Pete had a profound influence on my life as a musician. He got a copy of my first record, Home to the Heart, from his friend Dick Cerri in Washington, DC and started to play a few of the songs on his weekly Mixed Bag show when it was on WNEW-FM, the biggest rock station in NYC back in 1983.
That led me to bookings in folk clubs in Greenwich Village. On one of my trips to NYC, Pete asked me to come by the studio and do a live interview with him. I played three songs and he asked me great,
insightful questions. After the interview, we had lunch together at the AutoMatt Restaurant around the corner from the WNEW studio. He was warm and down to earth and I felt like the luckiest guy on earth that day.
When I put out my second record and moved from Los Angeles to Connecticut for graduate school, Pete asked if I would volunteer to help out with his Hungerthon telecast on New Year’s Night 1986. Would I ever!

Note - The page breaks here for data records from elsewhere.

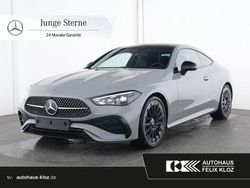 Schwarz Gebraucht 2024 Mercedes CLE200 AMG Coupé | 55.400 € (Fairer Preis)
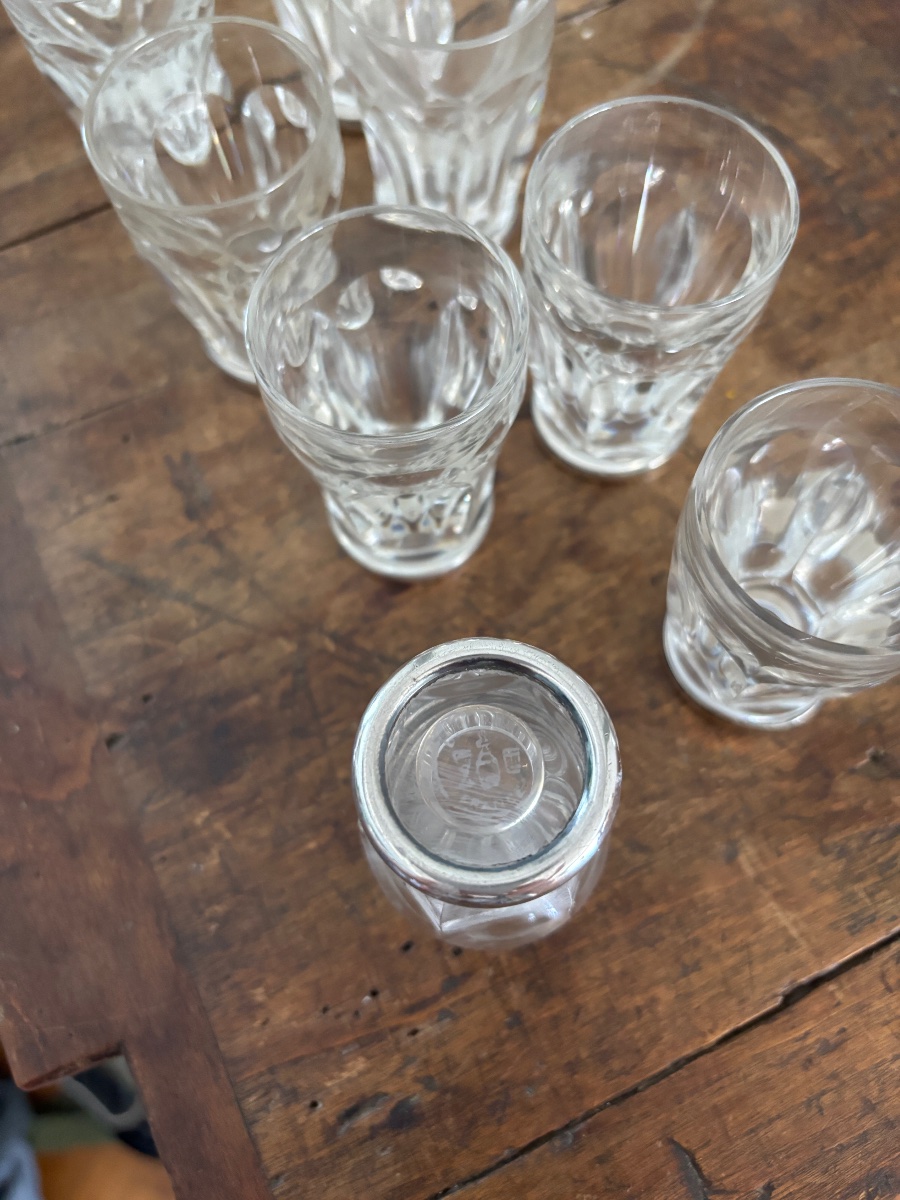 Baccarat And Silver Service, Harcourt Model-photo-3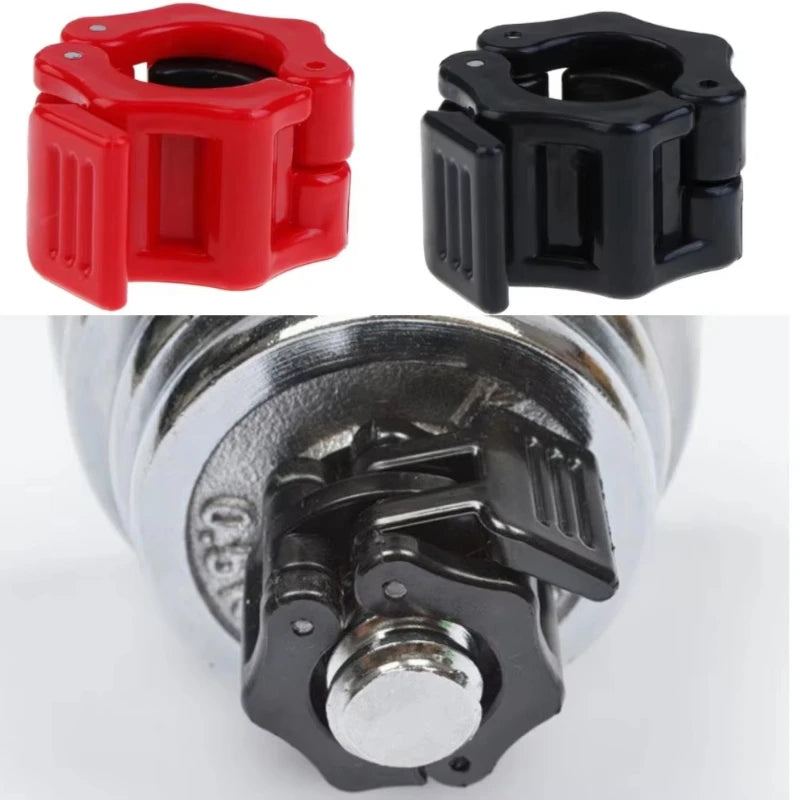 Dumbbell Clips Clamp Weight Lifting Bar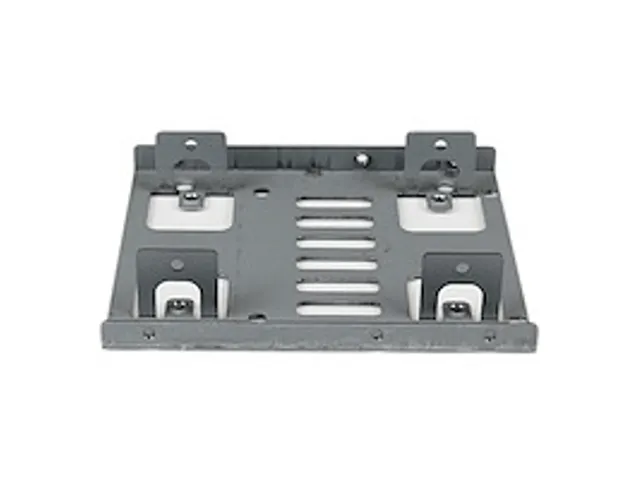 Dubbele 2,5 inch naar 3,5 inch HDD-steun voor SATA harde schijven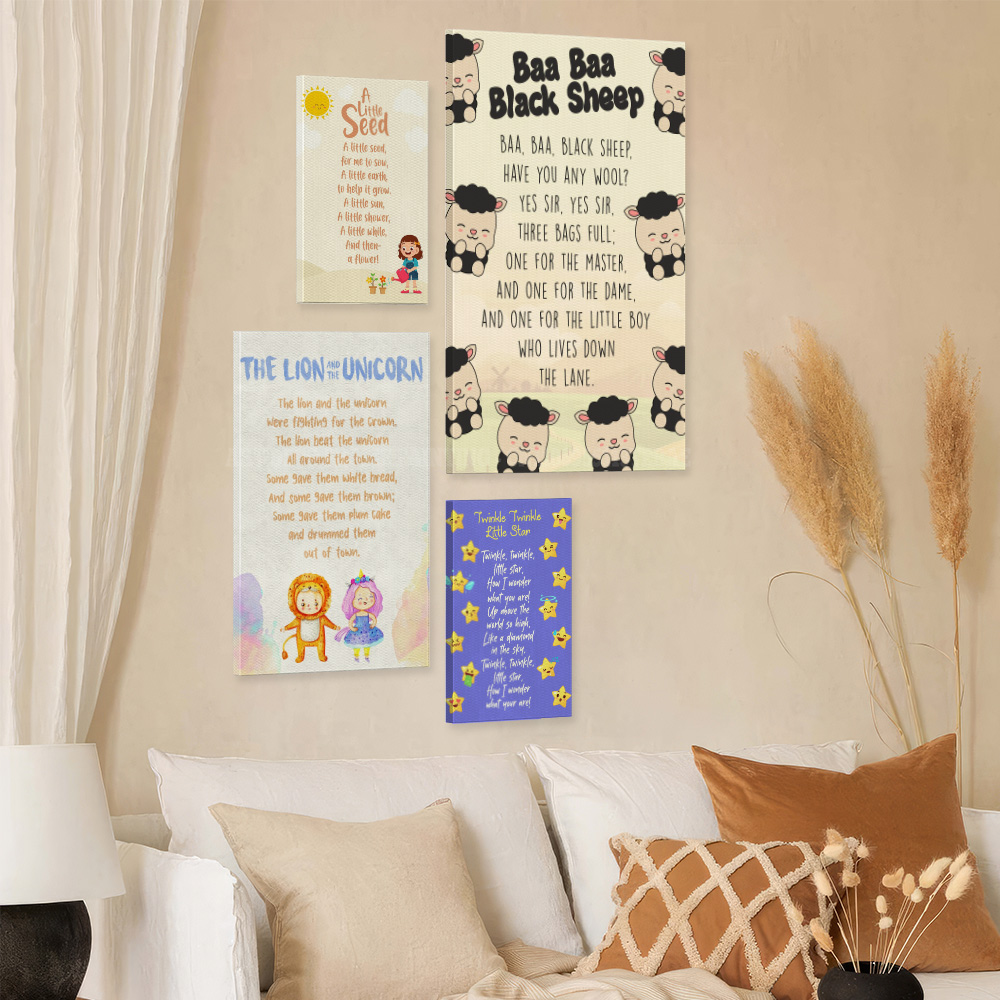 Classic Nursery Rhymes Canvas  - đánh giá và giá Baby Nursery Rhymes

He broadcast live from the lobby of the United Nations building for 24 hours straight to raise money for World Hunger Year, a non-profit organization founded by Harry Chapin and carried
on by Pete and Bill Ayres after Chapin’s untimely death.

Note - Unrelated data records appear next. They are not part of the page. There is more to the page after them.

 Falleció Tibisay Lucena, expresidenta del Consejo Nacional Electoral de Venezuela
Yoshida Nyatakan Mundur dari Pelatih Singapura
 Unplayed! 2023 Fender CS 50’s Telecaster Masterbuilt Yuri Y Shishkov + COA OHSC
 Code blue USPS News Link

There I was in the lobby of the UN Building at 1:30 a.m. with no crowd to listen and respond to – just the millions of people I imagined who were listening to their radios around the NYC metro area. I got to the UN Building about 30 minutes early and was delighted to learn that I would be going on just after one of my heroes, Jesse Colin Young (“Get Together”). I was just as delighted to see one of my other heroes, Marshall Crenshaw (“Cynical Girl”) walk into the lobby while I was singing to take the spot after mine. For a kid from Lima, Ohio, I was in pretty tall cotton between these two giants.

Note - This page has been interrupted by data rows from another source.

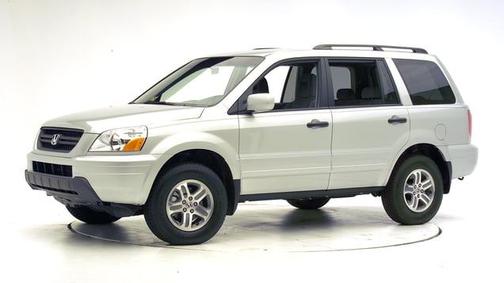 White 2005 Honda Pilot EX-L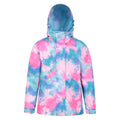 Pink-Blau-Violett - Front - Mountain Warehouse - "Aries" Jacke 3 in 1 für Kinder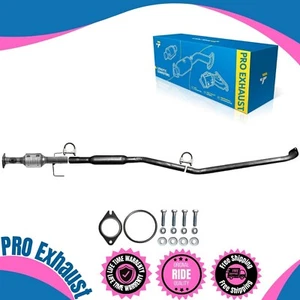 Rear Catalytic + Resonator Pipe For 2013-2016 Mazda CX-5 2.0L&2014-2020 2.5L FWD - Picture 1 of 7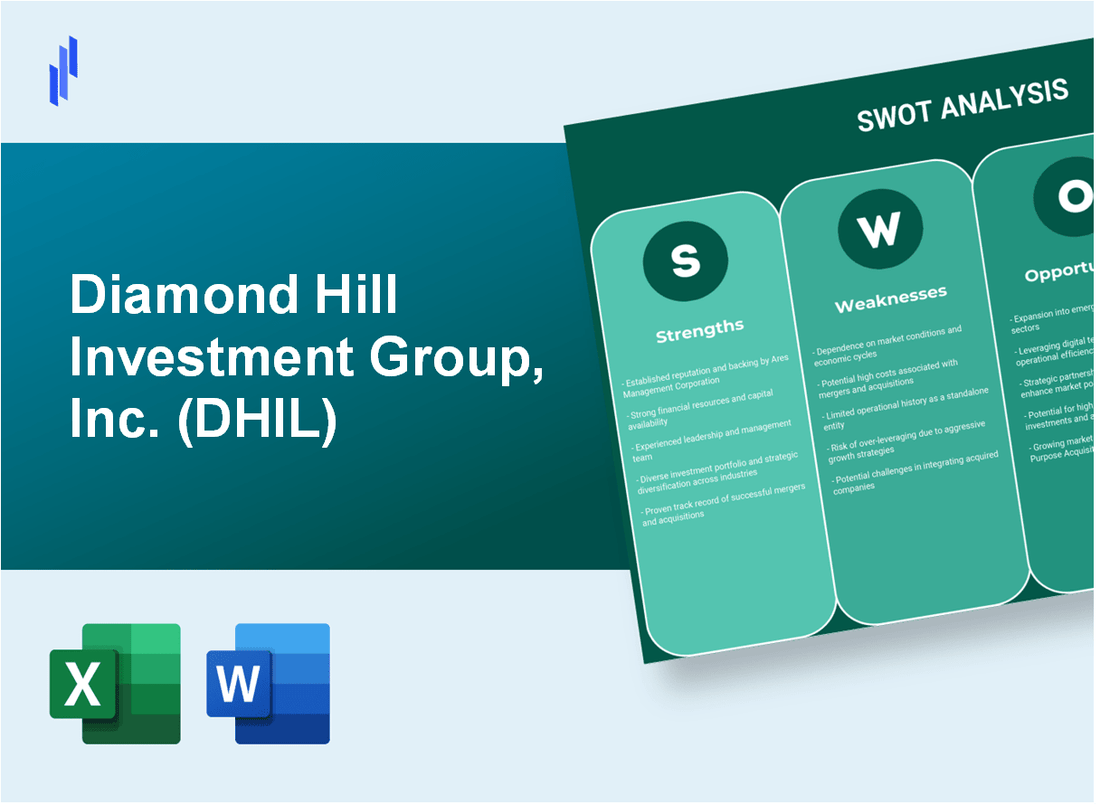 Diamond Hill Investment Group, Inc. (DHIL) SWOT Analysis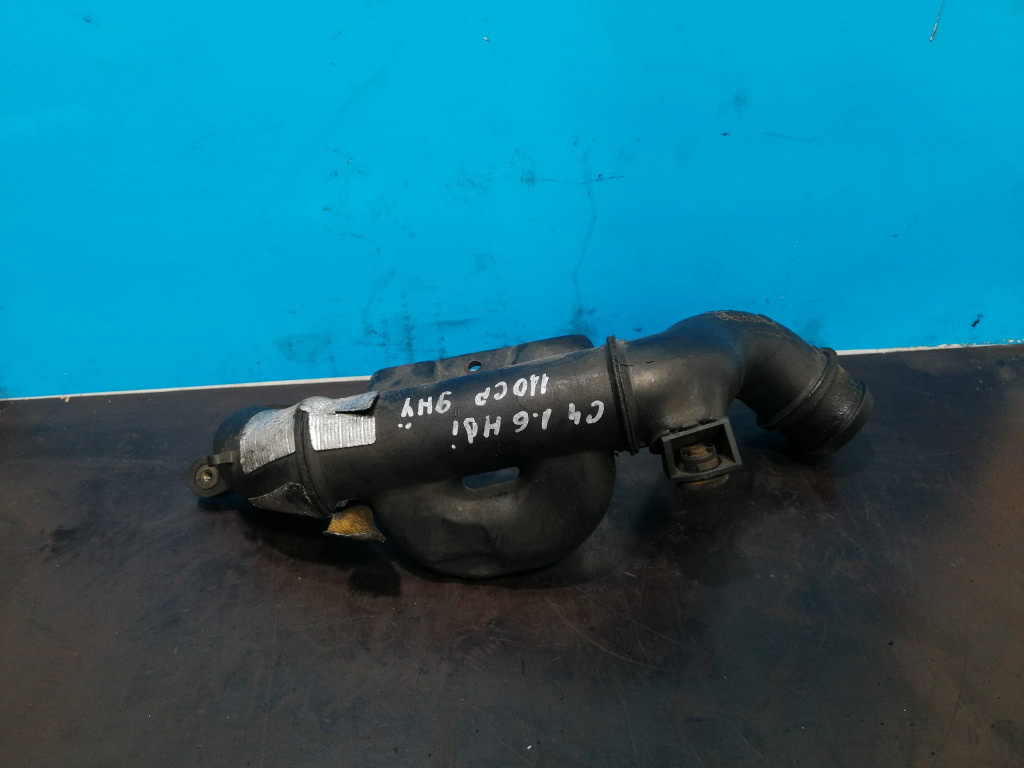 Tubulatura admisie Peugeot / Citroen 1.6 HDI 9HZ 9HY 110 CP 9657083480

That was the way Pete planned it, I’m sure. Though he was on a first-name basis with the very biggest of singers and songwriters, he was always promoting up-and-comers like me. Whether he was interviewing Paul Simon or a nervous first-timer like me, he never talked up or down to the performer. He was always on the level with his guests and with his audiences. Sure, he was a fan of the music, but he did not pander to his heroes or try to trick them into saying something they’d later regret. He was that great friend who was knowledgeable about music. Everyone who listened to
his shows must have felt a little bit closer to the lightning in a bottle that causes all of the music to be created and heard.
Pete had written a couple of great books about his experiences, including one about his insights from backstage at the Woodstock Festival. The last time I talked with Pete on the phone, sometime in 2011, he told me he’d send me an autographed copy of the book. So he did. I can’t bear the thought of looking for it tonight for fear that I loaned it to someone forgotten and will never see it
again.
I can’t help but think that Pete had a lot more to say on the air and on the pages of books that will never be written. Fortunately we can listen to his Mixed Bag shows in the WFUV archives. And we can
all honor the people who have redirected our lives by doing the best we can with the gifts we’ve been given.